Japanese officials met with the leader of a major Syrian rebel group in Turkey on Monday night to seek its assistance in securing the release of a Japanese man believed to have been captured in northern Syria by the Islamic State militant group.

The meeting with Syrian National Coalition chief Hadi al-Bahra took place in Istanbul at the request of the Japanese government, a rebel group source said on Wednesday. But the Japanese Foreign Ministry's task force in Jordan declined to confirm the contact.

The meeting is the first known concrete action by the Japanese government in its efforts to ascertain whether 42-year-old Haruna Yukawa has indeed been captured and, if so, what kind of situation he is in.

While details of the meeting remain unclear, the source said in the talks with the coalition president, the Japanese side requested assistance in securing the man's release.

Yukawa is believed to have been traveling with rebel fighters from the Islamic Front and the Free Syrian Army when he was captured by the Islamic State during a firefight in Marea, roughly 30 kilometers north of Aleppo, on Thursday.

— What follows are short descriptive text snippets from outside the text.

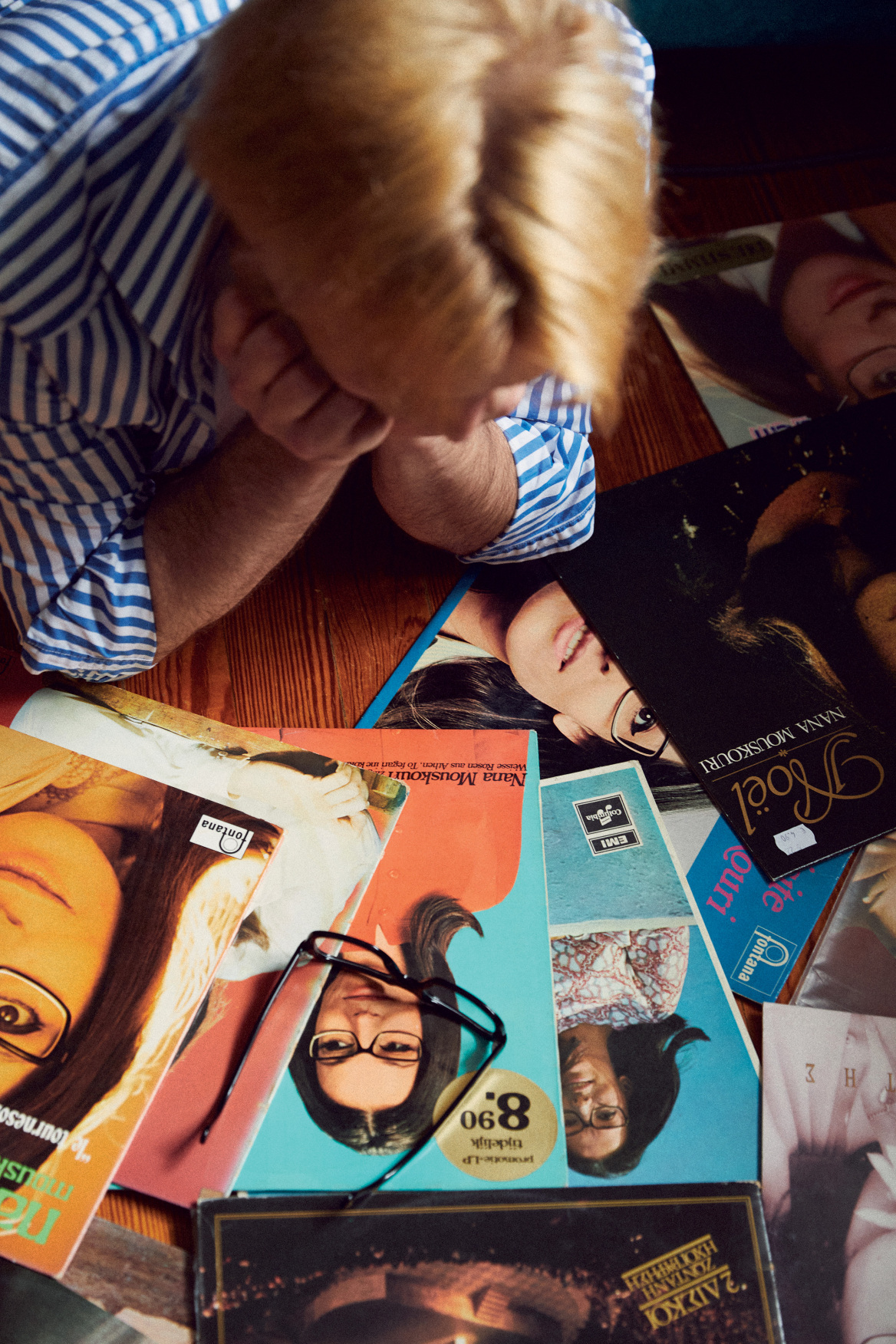 Μάνος Καρατζογιάννης: Ο «νέος» μύθος της Νάνας Μούσχουρη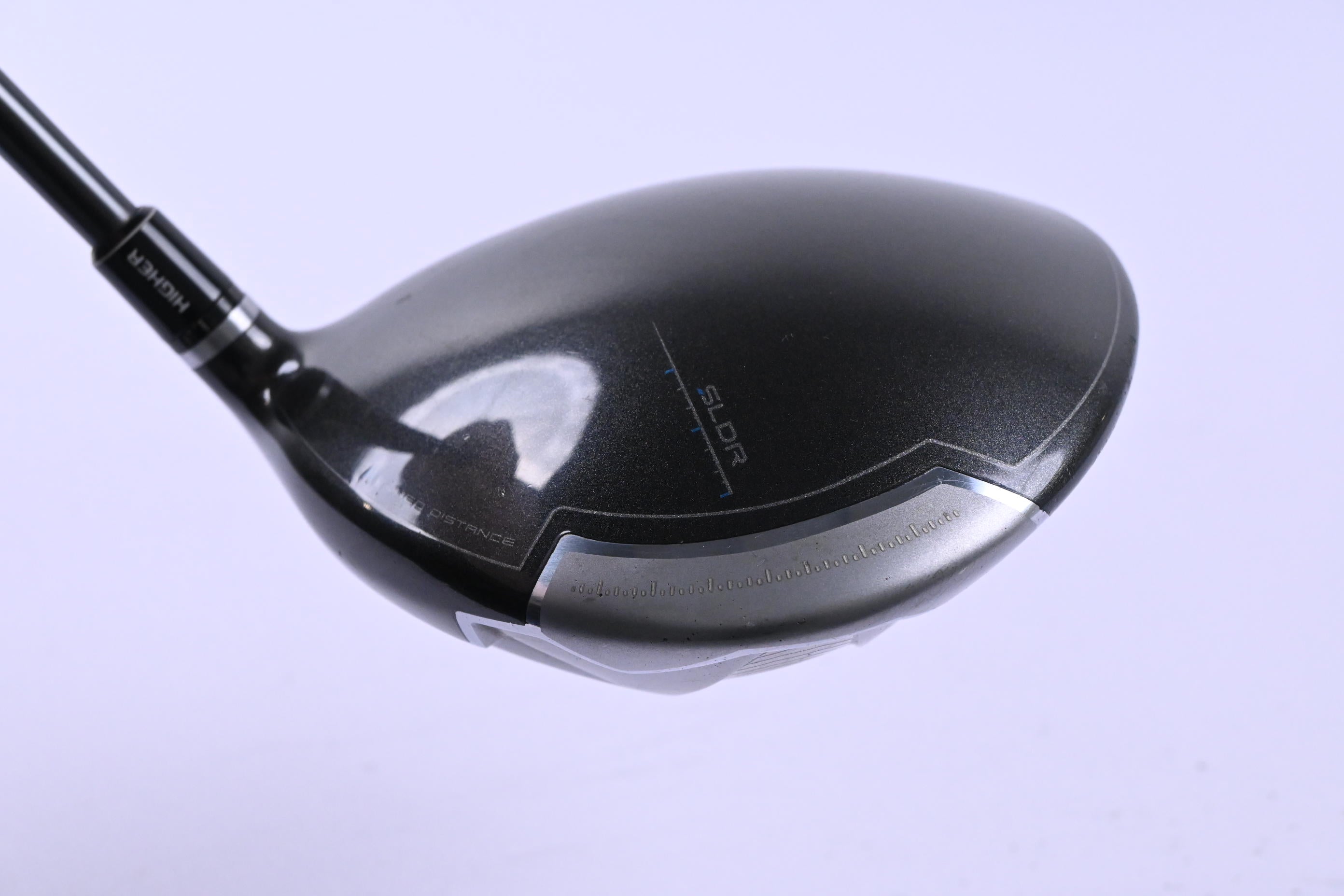 Taylormade SLDR Driver / 9.5 Degree / Stiff Flex Fujikura Speeder 57 Shaft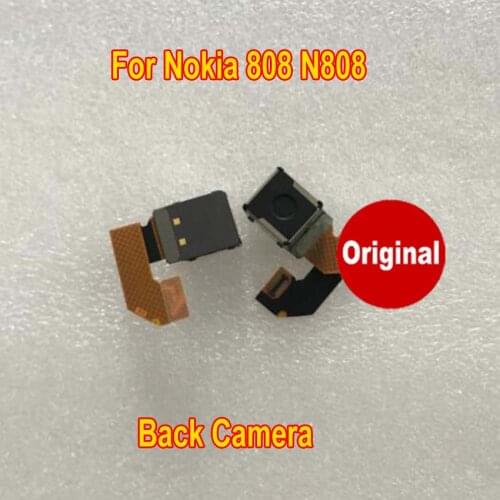 Original Best Factory Supplier For Nokia 808 N808 41MP Back Big Main Rear Camera Module Mobile Flex Cable Parts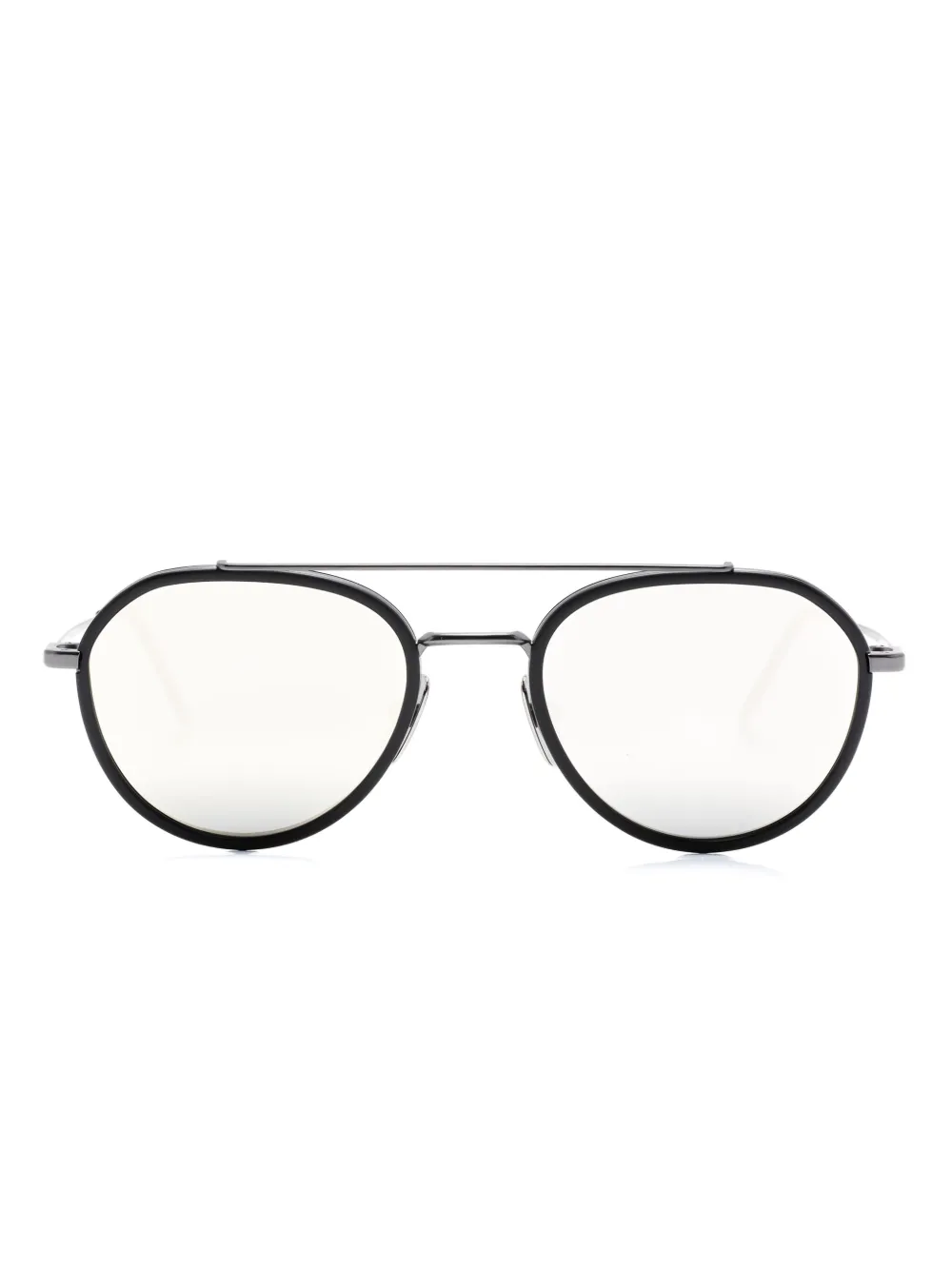 Солнцезащитные очки-пилоты Thom Browne Eyewear, черный
Солнцезащитные очки-пилоты Thom Browne Eyewear, черный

The Western-backed Syrian National Coalition, which is seeking to topple the government of President Bashar Assad, is aligned with the Free Syrian Army. But its direct impact on battlefields is limited, leaving it unclear whether Tokyo's request to Syria's main opposition alliance would yield any results.

Islamic Front and Free Syrian Army leaders say they offered to trade captured Islamic State fighters for Yukawa but had received no reply as of Tuesday.